Dataset records
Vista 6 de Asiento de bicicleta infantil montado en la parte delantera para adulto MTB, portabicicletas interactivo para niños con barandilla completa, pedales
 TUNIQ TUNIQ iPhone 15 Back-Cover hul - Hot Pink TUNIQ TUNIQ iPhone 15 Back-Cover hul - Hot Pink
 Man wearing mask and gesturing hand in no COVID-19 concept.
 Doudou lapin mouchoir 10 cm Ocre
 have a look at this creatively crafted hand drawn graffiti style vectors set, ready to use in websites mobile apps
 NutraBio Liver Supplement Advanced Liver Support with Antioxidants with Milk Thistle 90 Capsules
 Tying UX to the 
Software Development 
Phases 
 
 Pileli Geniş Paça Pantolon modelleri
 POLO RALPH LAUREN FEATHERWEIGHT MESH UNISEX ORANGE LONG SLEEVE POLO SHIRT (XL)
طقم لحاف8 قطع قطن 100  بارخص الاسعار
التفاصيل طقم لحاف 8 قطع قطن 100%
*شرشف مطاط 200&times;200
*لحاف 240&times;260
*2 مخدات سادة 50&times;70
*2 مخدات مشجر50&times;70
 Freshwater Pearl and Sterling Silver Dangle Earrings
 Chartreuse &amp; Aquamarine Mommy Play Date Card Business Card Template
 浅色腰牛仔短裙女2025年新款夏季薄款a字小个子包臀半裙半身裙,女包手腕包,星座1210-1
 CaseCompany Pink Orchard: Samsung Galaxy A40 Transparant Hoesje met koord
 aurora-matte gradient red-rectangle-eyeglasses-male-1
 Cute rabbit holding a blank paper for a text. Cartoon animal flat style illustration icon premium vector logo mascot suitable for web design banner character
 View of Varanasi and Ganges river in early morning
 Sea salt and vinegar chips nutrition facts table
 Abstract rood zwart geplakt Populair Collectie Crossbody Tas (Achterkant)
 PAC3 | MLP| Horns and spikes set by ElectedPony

**Work order:**
Beginning at the first line above, repeat exactly until the line containing "have a look", which is included.

**Task output:**
Vista 6 de Asiento de bicicleta infantil montado en la parte delantera para adulto MTB, portabicicletas interactivo para niños con barandilla completa, pedales
 TUNIQ TUNIQ iPhone 15 Back-Cover hul - Hot Pink TUNIQ TUNIQ iPhone 15 Back-Cover hul - Hot Pink
 Man wearing mask and gesturing hand in no COVID-19 concept.
 Doudou lapin mouchoir 10 cm Ocre
 have a look at this creatively crafted hand drawn graffiti style vectors set, ready to use in websites mobile apps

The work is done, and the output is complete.